1. Add to marketplace
2. Install Draft
Frequently asked questions
- What does Tonone's Draft do?
- Draft is Tonone's AI UX designer for the structural layer of UX work. It maps user flows with all branches and error paths, produces annotated wireframes with behavioral rationale, designs information architectures using user mental models, reviews flows against usability heuristics, and structures landing pages for conversion, all before any visual design begins.
- How does Draft's user flow differ from what a generalist AI produces?
- A generalist produces a linear sequence of steps, the happy path. Draft's draft-flow skill produces a complete flow model: all decision branches, error states, recovery paths, and dead-end handling, each node annotated with the user's mental model and the system's behavioral response. It is the specification a developer can build from, not a list a developer has to interpret.
- What format does Draft use for wireframes?
- Draft produces text-based, low-fidelity wireframes, structured layouts with component placement and content hierarchy annotations, deliberately without styling. The low fidelity keeps reviewers focused on structural and behavioral decisions rather than visual polish, and the annotations explain every placement decision and behavior. This makes the wireframe a specification, not just a drawing.

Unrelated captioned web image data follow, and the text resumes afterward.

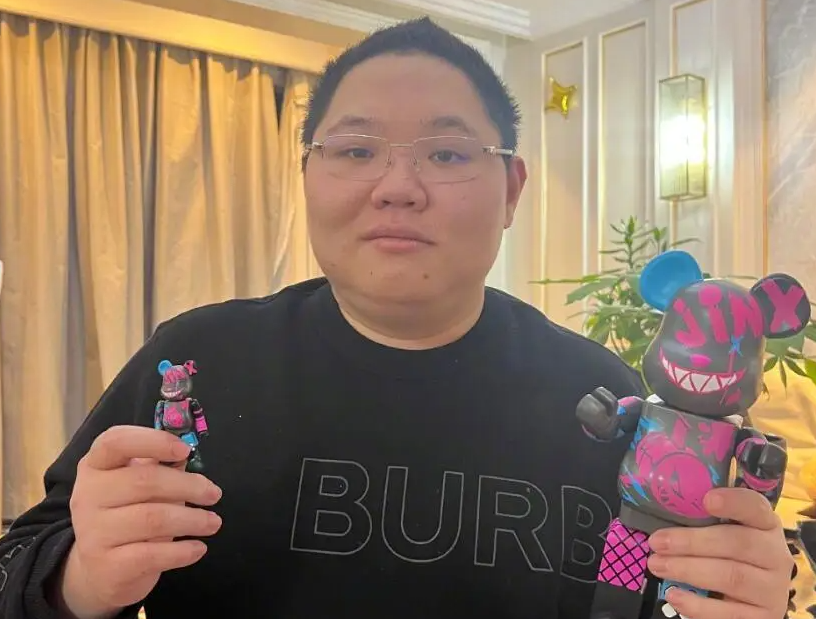 pdd卢本伟闪现澳门,被偶遇行色匆匆!经纪人首度回复跑路传言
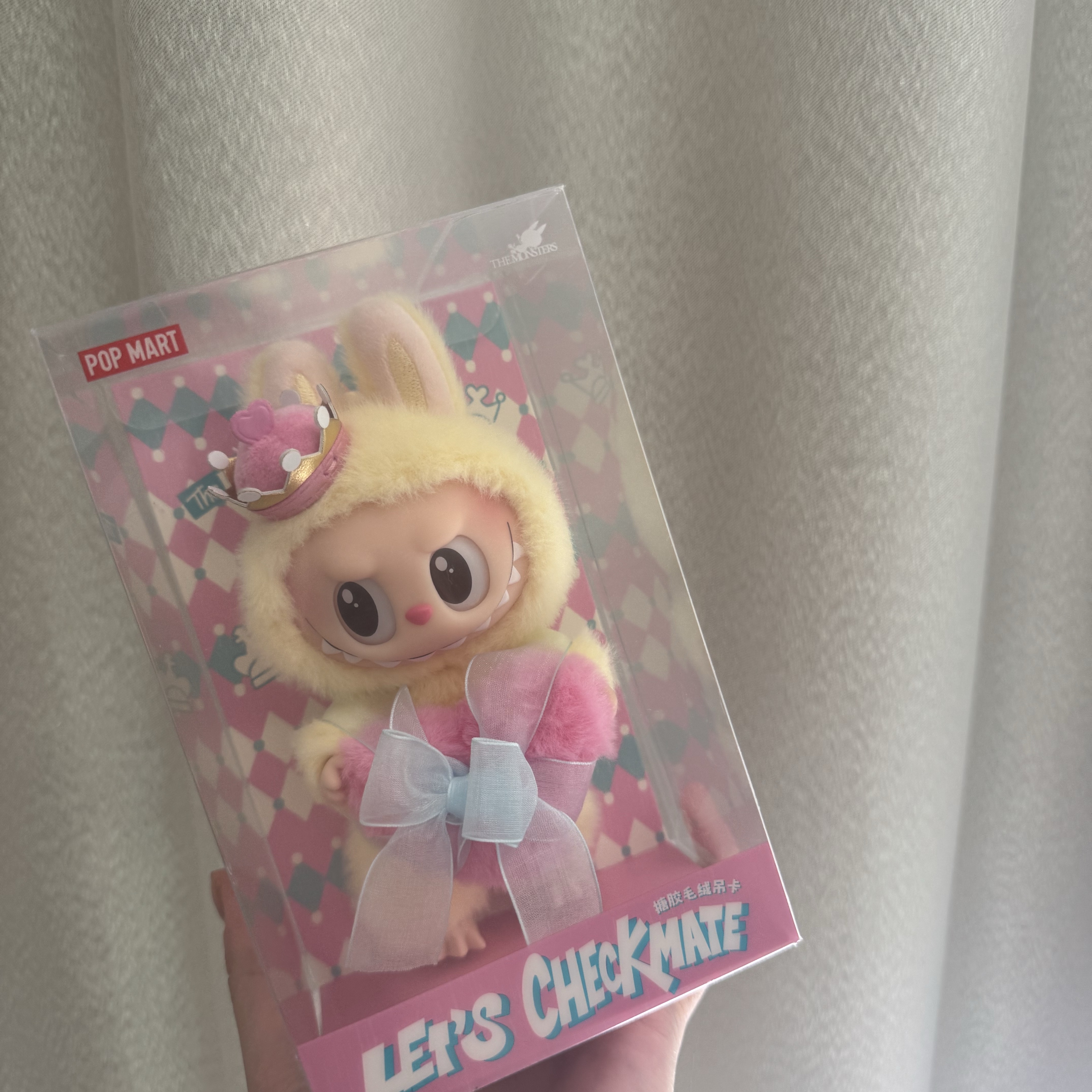Pop Mart The Monsters Checkmate Series Plush Keyring 착용 스타일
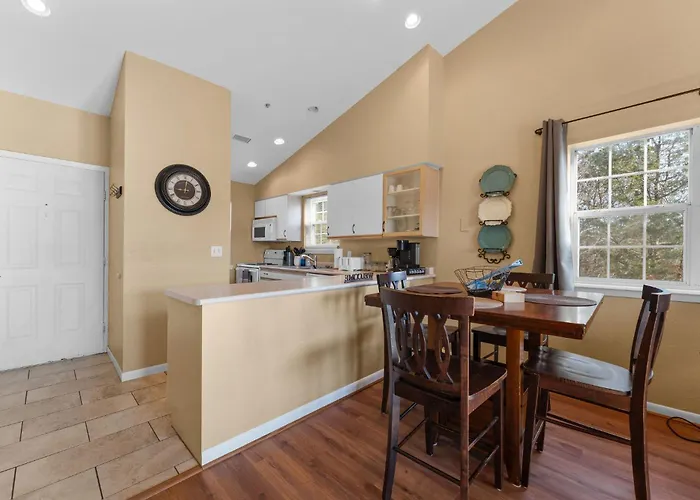 Cozy Top Floor 2Br Condo With View And Amenities!! Point Lookout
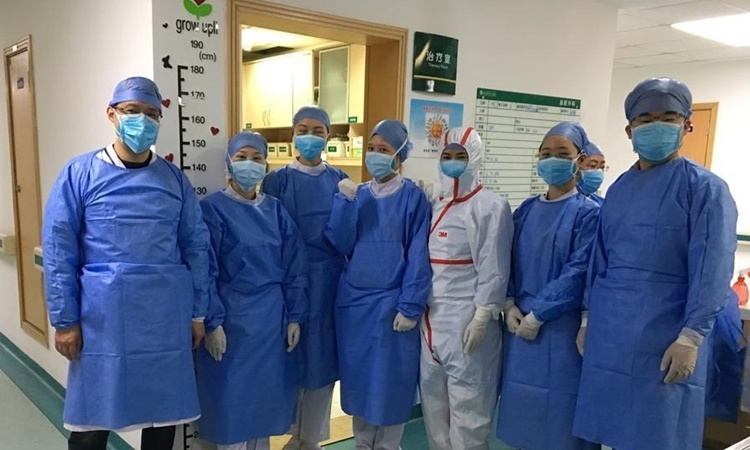 Quân đội Trung Quốc đưa 1.400 y bác sĩ tới Vũ Hán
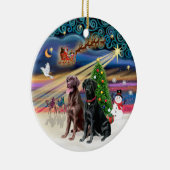 Kerstmagie - Labradors (zwart + chocolade) Keramisch Ornament (Rechts)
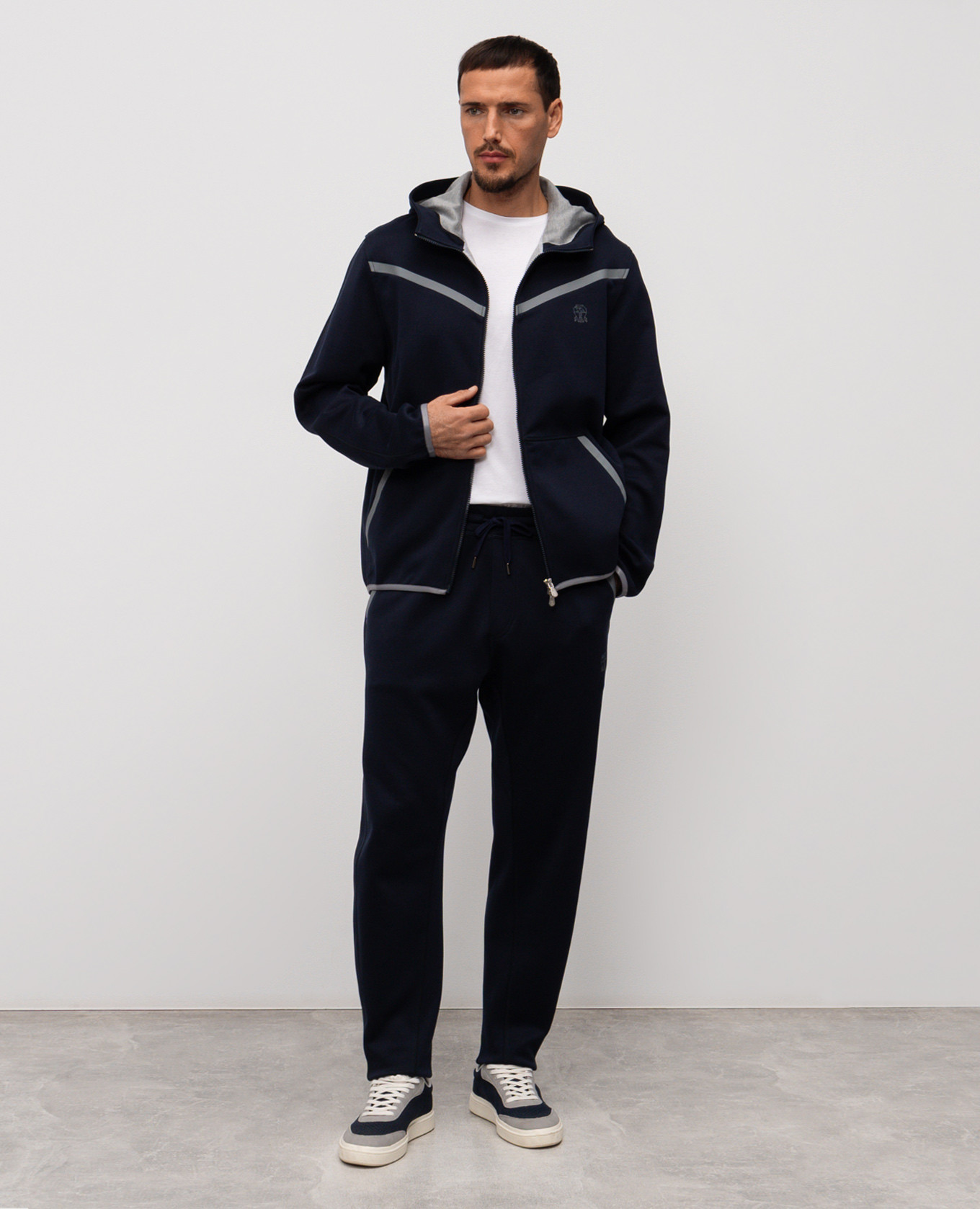 Blue sports jacket with emblem Brunello Cucinelli 2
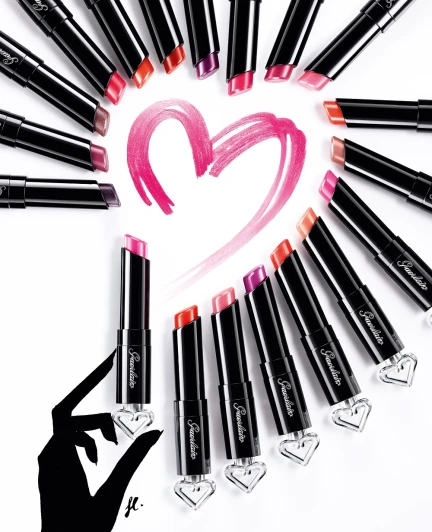 小黑裙我的香氛唇膏 玩色層疊 閃耀一觸即發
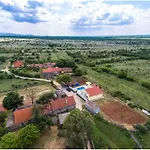 Guest house House Mellifera Razvode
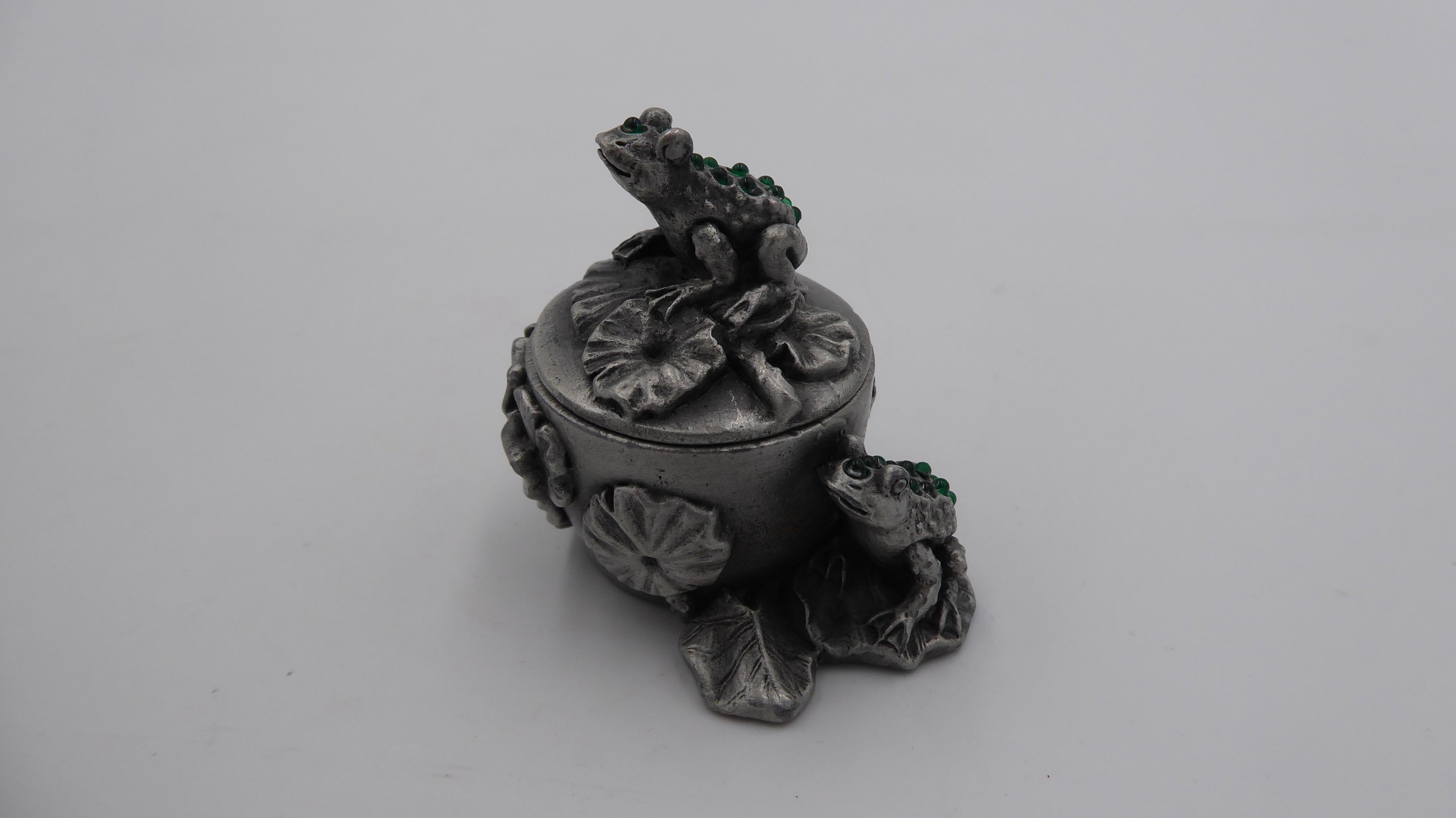 Petit pot en étain avec deux grenouilles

- What usability heuristics does draft-review check against?
- draft-review checks against Nielsen's ten usability heuristics, Fitts's Law for touch target sizing, cognitive load theory for form design, and progressive disclosure principles for information-dense screens. Each finding is rated on a four-level severity scale, cosmetic, friction, error-prone, or blocker, with a concrete fix recommendation.
- How does draft-ia work and when should I use it?
- draft-ia takes your product's content and functionality and produces a taxonomy, navigation model, and labeling vocabulary grounded in how users think about the content. Use it when you are designing a new product, restructuring an existing navigation, or finding that users consistently cannot find things that are technically available. It also produces a card sort brief if you want to validate the IA with real users.
- Can Draft work on an existing product, not just new features?
- Yes. draft-review and draft-ia both work on existing products. draft-review performs a cold-eyes usability audit of existing flows and produces a prioritized backlog of UX improvements. draft-ia can audit existing navigation against user mental models and produce a restructuring recommendation. Both are useful as incremental improvement tools, not just for new product design.
- Is Tonone's Draft free?
- Yes. Tonone is MIT-licensed and free to use. Draft is one of 23 agents included in the Tonone package. You pay only for Claude Code token usage during the work itself.